It came. It flattered. It wreaked havoc on the Internet. Why are we so vulnerable? What can be done?
By LEV GROSSMAN
Anne Guepiere works in the Hong Kong office of a large U.S. company that would prefer to remain nameless. At about 4 o'clock last Thursday, she received an e-mail. It seemed innocuous enough. The subject line read ILOVEYOU. With it came an attached document labeled LOVE-LETTER-FOR-YOU.TXT.VBS. How nice. Just a couple of clicks, and her curiosity would be satisfied.
Too late. I didn't even read the 'ILOVEYOU' part, recalls Guepiere, whom history would record as, if not Patient Zero, then surely one of the earliest victims in a global pandemic. Only when I opened [the attachment] did I realize there was a problem. Indeed, it was a bigger problem than anybody, probably even its mischievous creator, could have imagined as computers everywhere tumbled like so many dominoes. Once again that scourge of the Internet age--a computer virus--had struck. Silently, lethally, without even a hint of a warning fever, it raced around the world at light speed, clogging communications and bringing both commerce and politics to a halt.
Because of its implicit, fatally attractive message--Oh, just give me a glance, I bear friendly tidings from a loving admirer!--headline writers immediately (and irresistibly) nicknamed it the Love Bug. But there was nothing lovable about it. Before it spent itself--in its first incarnation, it was truly a 24-hour virus--it would affect tens of millions of computers, eventually ring up a toll as high as $10 billion in lost work hours and reopen troubling questions about the safety and security of our vital electronic lifelines. By almost any measure, it was the most damaging virus ever, with at least three times the byte--as more than one punster put it--of Melissa, last year's electronic femme fatale. This was not so much because of its ingenuity, says Finnish computer-virus hunter Mikko Hypponen, whose team was among the first to capture the bug's digital DNA, but because of its blinding speed, spreading around the world in a hypersonic two hours (vs. six for Melissa).
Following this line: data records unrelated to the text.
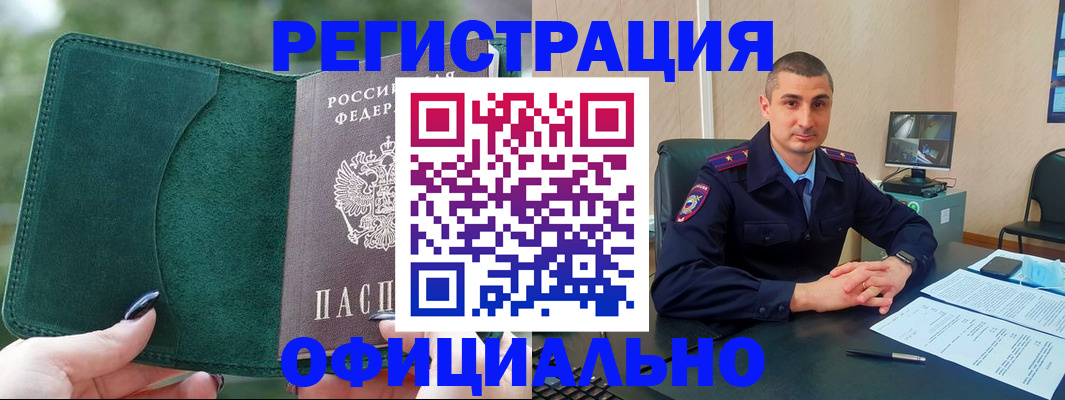 прописка ребенка в Иркутске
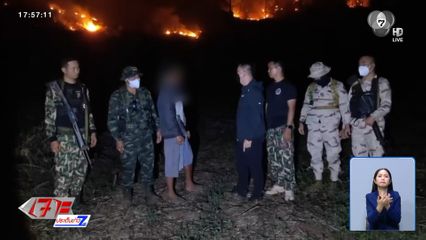 จับหนุ่มเผาป่า อ้างกันไฟป่าลามเข้าสวน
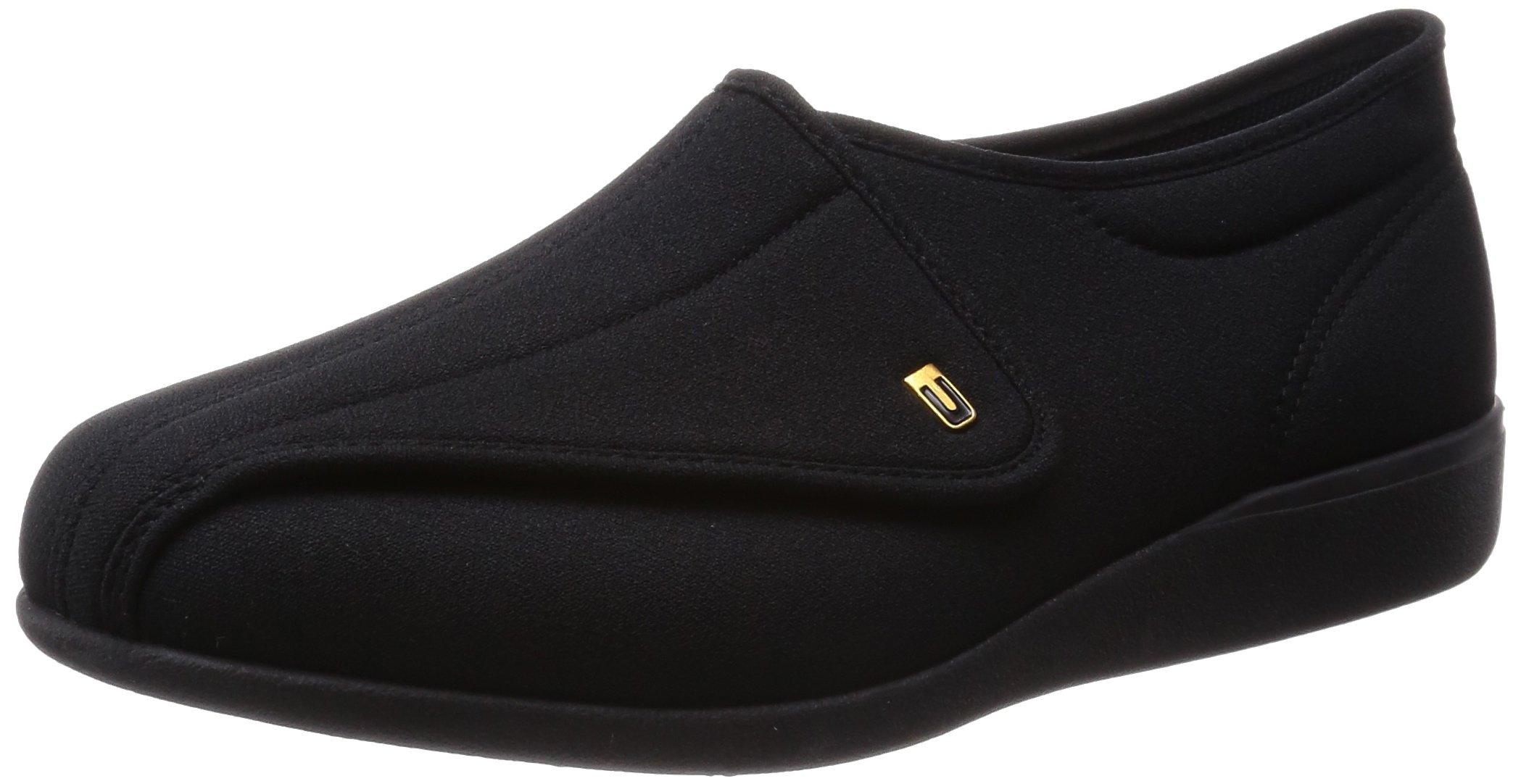 

Kaihoshugi KHS M900 Мужские легкие широкие туфли для медперсонала 4E, Черный стрейч, Размер 26.0 см, 4E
Suspicion fell quickly on a possible culprit in the Philippines, in part because the virus' eight pages of computer code contained a tantalizing word: Barok. A search of virus registries quickly revealed that it was the name of a so-called Trojan horse, a stealthy software program that filches passwords, written by a Filipino hacker last year. Still, the transparency of this clue suggested that the word might have been inserted as a deliberate smoke screen to fool the computer sleuths. By week's end, the work of investigators was further complicated by the appearance of a number of copycat viruses, created either by others or by the Love Bug's author.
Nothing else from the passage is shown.